Start of Supplied data
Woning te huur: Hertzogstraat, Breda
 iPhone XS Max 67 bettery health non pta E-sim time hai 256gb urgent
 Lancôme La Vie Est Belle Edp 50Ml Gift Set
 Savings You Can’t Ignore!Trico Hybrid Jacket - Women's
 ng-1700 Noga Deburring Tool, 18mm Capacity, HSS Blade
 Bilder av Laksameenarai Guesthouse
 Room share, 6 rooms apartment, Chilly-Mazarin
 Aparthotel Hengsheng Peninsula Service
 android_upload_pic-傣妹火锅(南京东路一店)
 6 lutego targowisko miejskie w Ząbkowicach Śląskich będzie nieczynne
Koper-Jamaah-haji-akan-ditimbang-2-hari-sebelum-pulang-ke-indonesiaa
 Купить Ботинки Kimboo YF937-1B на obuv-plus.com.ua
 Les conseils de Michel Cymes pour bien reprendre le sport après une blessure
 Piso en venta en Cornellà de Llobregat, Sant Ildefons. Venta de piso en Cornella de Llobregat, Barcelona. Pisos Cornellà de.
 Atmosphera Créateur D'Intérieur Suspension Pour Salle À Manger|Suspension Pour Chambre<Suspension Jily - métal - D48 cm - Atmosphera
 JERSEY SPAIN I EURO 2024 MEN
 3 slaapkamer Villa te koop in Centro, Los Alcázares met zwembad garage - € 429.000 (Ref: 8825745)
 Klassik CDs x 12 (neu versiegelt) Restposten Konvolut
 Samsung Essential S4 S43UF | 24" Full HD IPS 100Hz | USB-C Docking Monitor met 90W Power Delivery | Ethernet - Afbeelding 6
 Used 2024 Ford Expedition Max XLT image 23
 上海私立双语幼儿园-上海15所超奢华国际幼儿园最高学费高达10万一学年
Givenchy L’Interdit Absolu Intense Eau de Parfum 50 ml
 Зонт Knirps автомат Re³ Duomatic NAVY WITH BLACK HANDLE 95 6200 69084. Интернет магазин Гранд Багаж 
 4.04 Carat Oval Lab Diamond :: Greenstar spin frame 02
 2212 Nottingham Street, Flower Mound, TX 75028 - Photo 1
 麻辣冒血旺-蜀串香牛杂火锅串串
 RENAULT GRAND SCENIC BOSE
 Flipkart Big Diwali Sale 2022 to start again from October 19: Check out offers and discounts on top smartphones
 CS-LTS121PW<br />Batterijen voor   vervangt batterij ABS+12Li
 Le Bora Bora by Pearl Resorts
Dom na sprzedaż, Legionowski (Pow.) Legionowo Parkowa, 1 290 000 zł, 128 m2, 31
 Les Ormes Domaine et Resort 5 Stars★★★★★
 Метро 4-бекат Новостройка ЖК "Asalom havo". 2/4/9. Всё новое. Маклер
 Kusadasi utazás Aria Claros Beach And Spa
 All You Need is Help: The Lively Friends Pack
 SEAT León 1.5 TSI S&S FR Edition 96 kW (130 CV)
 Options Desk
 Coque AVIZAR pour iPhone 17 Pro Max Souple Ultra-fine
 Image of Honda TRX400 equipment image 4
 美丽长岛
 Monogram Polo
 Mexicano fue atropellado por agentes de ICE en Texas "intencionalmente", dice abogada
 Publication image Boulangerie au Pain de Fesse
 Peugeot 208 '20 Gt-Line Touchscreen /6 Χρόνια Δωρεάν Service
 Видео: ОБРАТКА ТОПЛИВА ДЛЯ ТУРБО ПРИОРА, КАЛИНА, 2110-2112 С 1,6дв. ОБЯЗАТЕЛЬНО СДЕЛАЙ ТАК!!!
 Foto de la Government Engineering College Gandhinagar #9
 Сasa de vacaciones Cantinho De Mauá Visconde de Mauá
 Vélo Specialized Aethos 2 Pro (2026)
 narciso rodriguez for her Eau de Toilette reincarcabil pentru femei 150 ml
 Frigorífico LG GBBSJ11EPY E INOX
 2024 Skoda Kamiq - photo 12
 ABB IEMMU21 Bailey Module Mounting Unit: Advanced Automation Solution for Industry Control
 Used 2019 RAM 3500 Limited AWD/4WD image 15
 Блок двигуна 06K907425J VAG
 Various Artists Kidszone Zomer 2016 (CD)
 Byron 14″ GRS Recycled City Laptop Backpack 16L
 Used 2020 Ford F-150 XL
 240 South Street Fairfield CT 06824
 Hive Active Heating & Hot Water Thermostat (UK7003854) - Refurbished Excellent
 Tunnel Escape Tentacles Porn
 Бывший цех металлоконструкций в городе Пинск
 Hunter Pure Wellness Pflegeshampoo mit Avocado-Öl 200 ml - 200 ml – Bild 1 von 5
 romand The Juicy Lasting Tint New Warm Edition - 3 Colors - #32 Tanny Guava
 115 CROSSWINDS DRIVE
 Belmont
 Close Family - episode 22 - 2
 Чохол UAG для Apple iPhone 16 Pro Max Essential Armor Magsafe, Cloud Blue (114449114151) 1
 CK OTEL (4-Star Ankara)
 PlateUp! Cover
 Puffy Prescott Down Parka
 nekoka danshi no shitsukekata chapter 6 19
End of Supplied data
» **Required work**: Please return each line of the data above in which the word "Ford" occurs.

» **Answer to the problem**:
 Used 2024 Ford Expedition Max XLT image 23
 Used 2020 Ford F-150 XL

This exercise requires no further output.